The technologies expected to breakdown today's hurdles to wider adoption of business intelligence include interactive visualization, in-memory analytics, search integrated with BI, software as a service and service-oriented architecture, Gartner says.

InformationWeek Staff, Contributor

March 20, 2008

3 Min Read

Five emerging technologies will be instrumental in making it easier to build and consume analytical applications with less involvement from IT staff, a research firm says.

The technologies expected to breakdown today's hurdles to wider adoption of business intelligence include interactive visualization, in-memory analytics, search integrated with BI, software as a service and service-oriented architecture, Gartner said in a report released this week. These innovations will be in a position by 2012 to take BI well beyond the 15% to 20% of businesspeople using it aggressively today.

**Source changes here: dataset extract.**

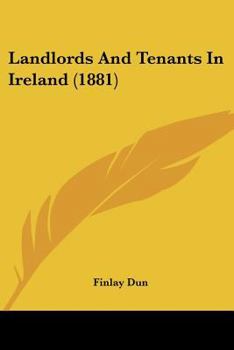 Paperback Landlords And Tenants In Ireland (1881) Book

"As a result of this innovation, individuals and workgroups will be less dependent on central IT departments to meet their BI requirements," Gartner analyst Kurt Schlegel said in a statement. "BI teams need to understand how to leverage these emerging technologies to drive BI adoption, but do it in a way that doesn’t undermine the organization’s existing BI architecture and standards."

Gartner expects interactive visualization to become the common front end to analytical applications over the next couple of years. Built with emerging Web 2.0 development tools, these displays should be more widely adopted by people who are not accustomed to the grid style of analysis and reporting offered by relational databases and spreadsheets.

Rather than have to learn spreadsheets, people will be able to perform typical BI tasks, including data filters, drill down and pivots, by interacting with the visual, such as clicking on a pie wedge, or circling the dots on a scatter plot, Gartner said.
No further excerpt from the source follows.